▶ _Your assignment_
Before copying, find the line below that contains "Details are in the caption following the image Details"; then return it and all later lines exactly, up to and including the final line, with no pictures.

▶ _Recorded data_
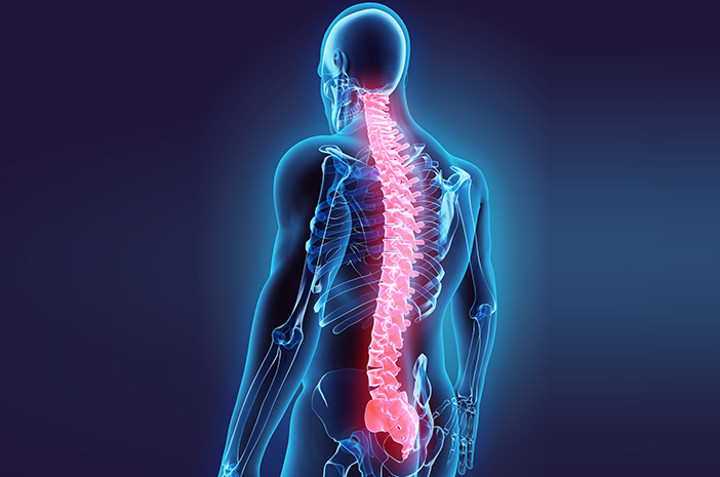 Multiple Sclerosis Penyakit Autoimun Yang Serang Sel Saraf Pusat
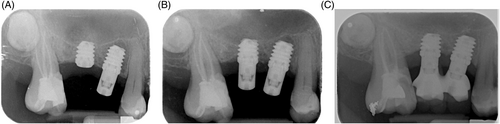 Details are in the caption following the image Details are in the caption following the image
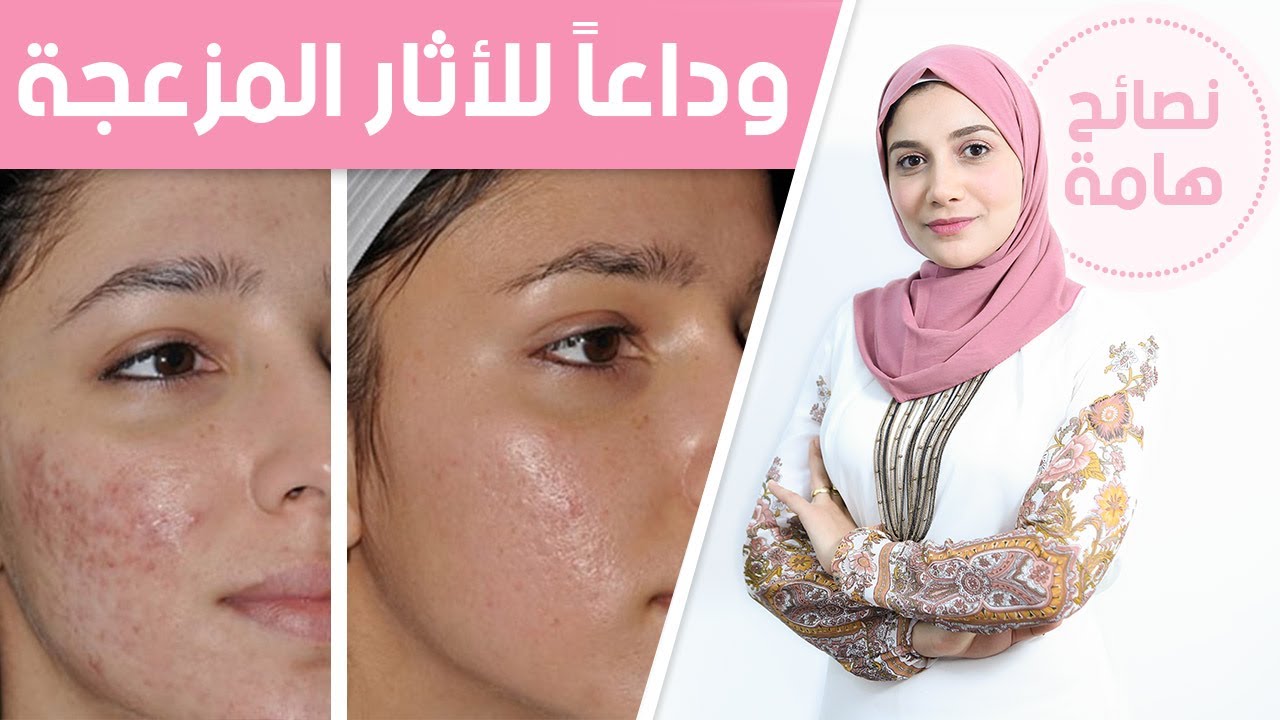 التخلص من آثار حب الشباب بكل سهولة وبطرق مجربة 5 التخلص من آثار حب الشباب بكل سهولة وبطرق مجربة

▶ _Solution to the problem_
 Details are in the caption following the image Details are in the caption following the image
 التخلص من آثار حب الشباب بكل سهولة وبطرق مجربة 5 التخلص من آثار حب الشباب بكل سهولة وبطرق مجربة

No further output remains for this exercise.